Wednesday, May 23, 2012
As I mentioned earlier, anyone who says you can't get a good drink in Pittsburgh simply isn't looking. In the last 2 -3 years there have been a number of great restaurants and bars in the 'Burgh that have put serious cocktail programs in place. So if it's been a while since your last tour of Pittsburgh's eateries and watering holes, it's time to take another peek and see what's out there.
However, we're not just serving great booze here in Pittsburgh ... we're also making it. In addition to some folks who make award-winning vodka, we've got a brand-spankin' new whiskey distiller. Located right outside downtown in the Strip District, Wigle Whiskey is currently turning out great un-aged rye and wheat whiskey, both of which are stocked by several of Pittsburgh's best eating & drinking joints.

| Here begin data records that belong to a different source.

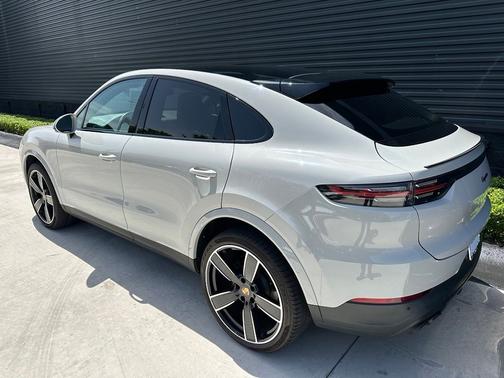 Chalk 2023 Porsche Cayenne Platinum Edition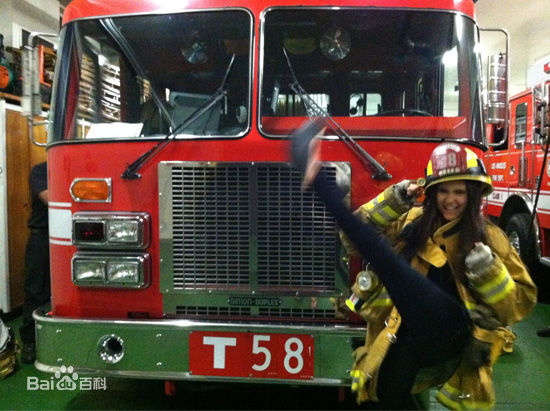 妮娜·杜波夫(Nina Dobrev)精彩图册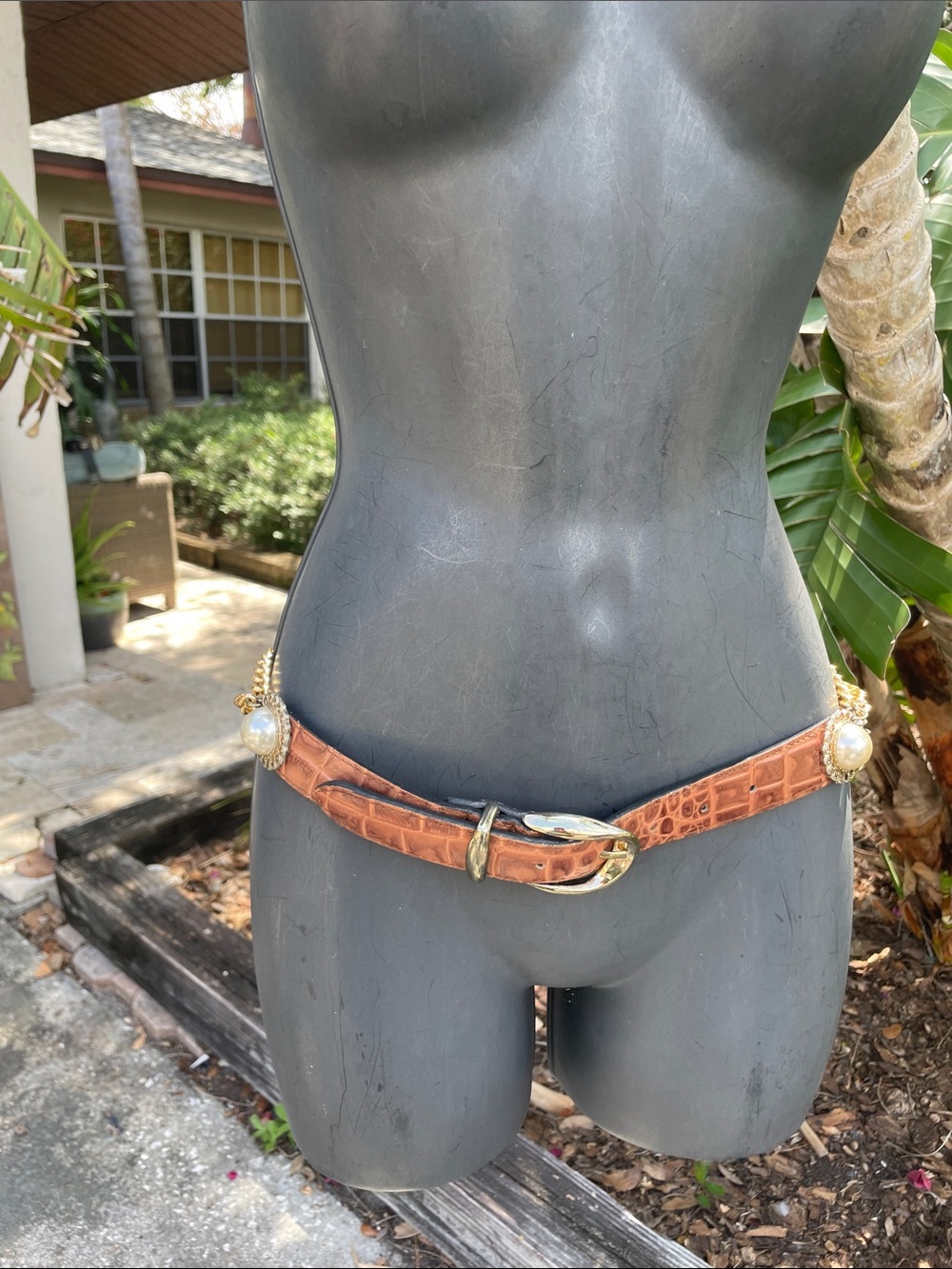 alligator leather, pearl and gold chain belt.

Cocktail scholars and booze geeks alike know that Southwest Pennsylvania was ground zero for the Whiskey Rebellion, and Wigle takes its name from one notable participant (for the full story, visit the distillery and take the tour ... it's well worth it). In fact, whiskey production was once so widespread in Southwest PA that rye was frequently referred to as "Monongahela Rye" for the number of distilleries in the region surrounding one of Pittsburgh's three rivers. Thanks to Wigle, whiskey is once again being produced in our area.
As part of their plan to reintroduce Pittsburghers to their native spirit, the kind people at Wigle host monthly cocktail-making classes, and they recently asked me to swing by and pass along a few tips on how to make decent drinks. They also asked me to come up with an original cocktail using one of their whiskies, so my contribution for the evening was ...
2 oz. Wigle wheat whiskey
1 oz. Basil & black pepper syrup
.75 oz. Fresh lemon juice
Shake everything with ice and strain into chilled cocktail glass. Garnish with a basil leaf.
Basil & black pepper syrup:
1.5 cups demerara sugar
1 cup water
12-14 basil leaves, torn
2 tsps. freshly-ground black pepper
Combine everything in a saucepan over low/medium heat and stir until sugar is dissolved (do not boil). Cover and let sit for 1 hour. Strain out the solids and refrigerate.
I waved this drink under the noses of the powers-that-be at Verde and they liked it enough to put it on the menu (If I haven't mentioned it already, the fine folks at Verde allow me behind the bar a few times a week to make drinks for people and otherwise molest their liquor supply. They're brave souls.)
So if you're somewhere in the general Pittsburgh area, swing by and grab an adult beverage.* And if you prefer the sudsy stuff, Verde also features locally-made beer from East End Brewing, Pennsylvania Brewing, and cider from Arsenal Cider House & Wine Cellar.
*Get some food too. It's really good.